Jika kemudian di lapangan ada oknum yang ngotot dengan embel-embel kawasan tadi, sebaiknya kata Sadino, masyarakat melakukan class action, menggugat negara atas kengototan tadi. "Gugatan ini harus dikawal terus biar tidak masuk angin," pintanya.
Lalu kepada para penegak hukum Sadino berpesan untuk objektif menengok persoalan kawasan hutan ini. "Penetapan kawasan hutan tidak boleh hanya mengejar formalitas, tapi ada sederet tahapan yang benar yang mesti dilewati tanpa harus menggerus hak konstitusional masyarakat," katanya.
Dan dari sederet penjelasannya tadi, Sadino kemudian berpesan kepada Dewan Pimpinan Pusat Asosiasi Petani Kelapa Sawit Indonesia (DPP-Apkasindo) untuk tidak memilih opsi amnestiysoal kawasan hutan.

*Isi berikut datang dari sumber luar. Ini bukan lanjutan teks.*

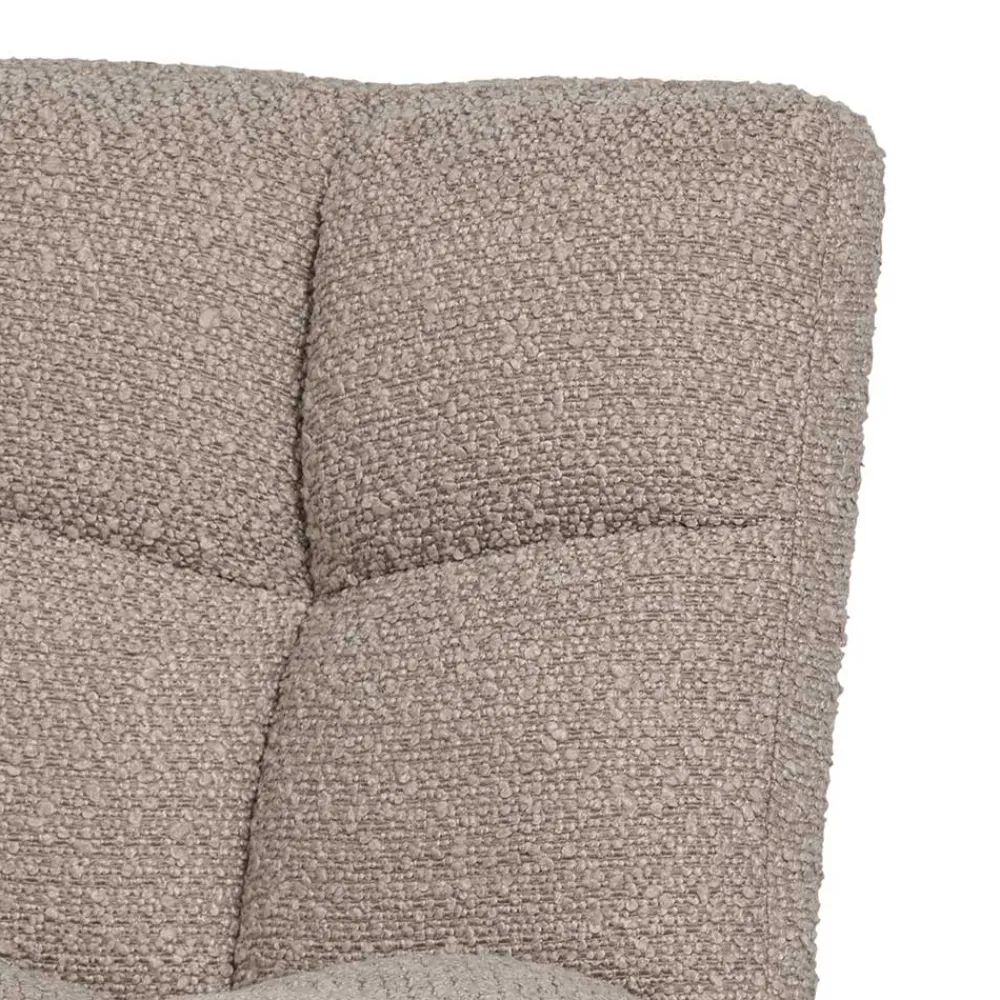 Wohnen Drehbarer Polsterstuhl aus Boucle Stoff in Beige - Magan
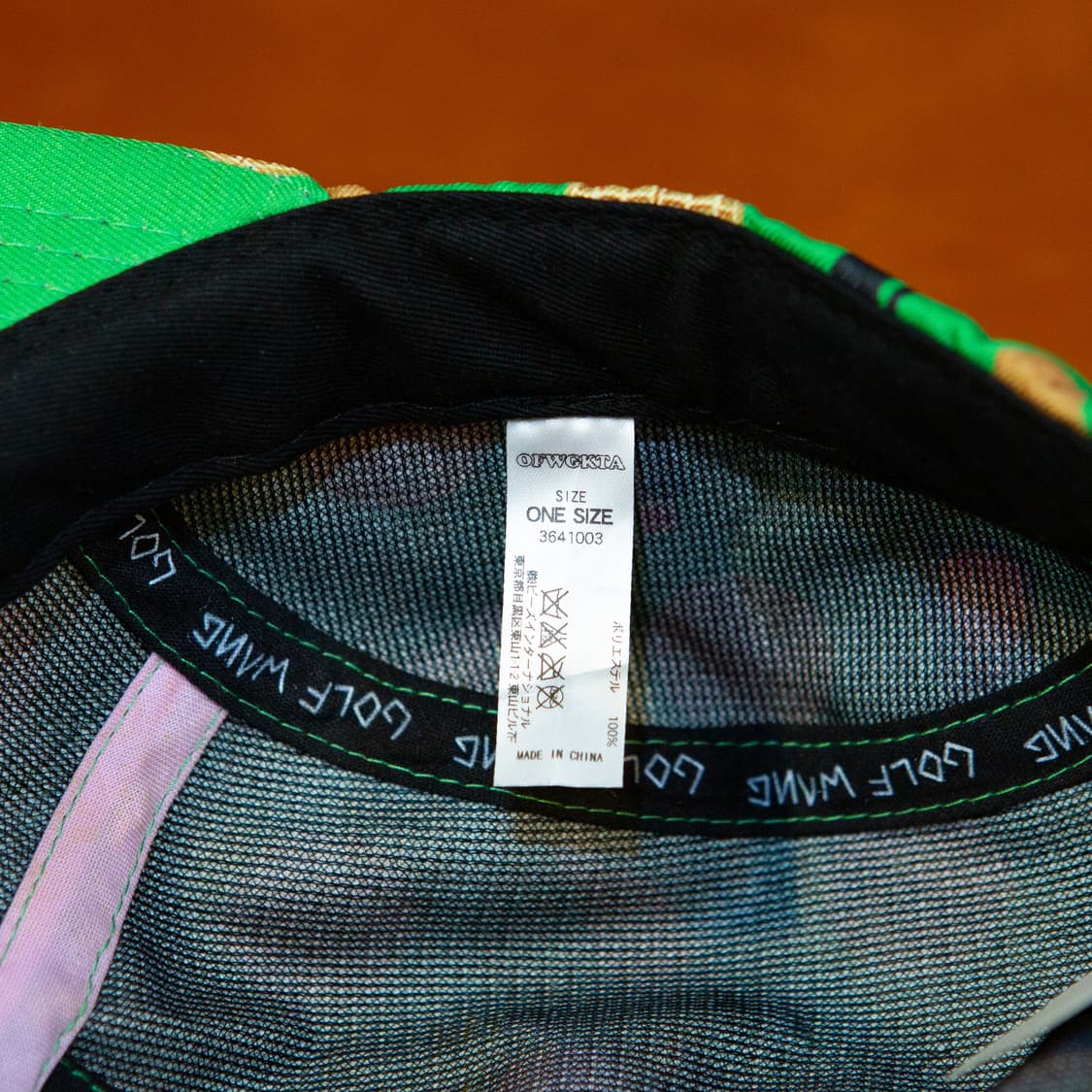 14SS 골프왕 치킨 and 와플 캠프캡 상품이미지7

"Tidak ada pelanggaran hukum yang dilakukan oleh masyarakat, jadi enggak perlu memohon pengampunan. Permohonan pengampunan itu baru boleh diajukan ketika terjadi pelanggaran hukum. Yang lebih baik itu justru lakukan class action terhadap kebijakan oknum-oknum yang mengatasnamakan negara," pintanya.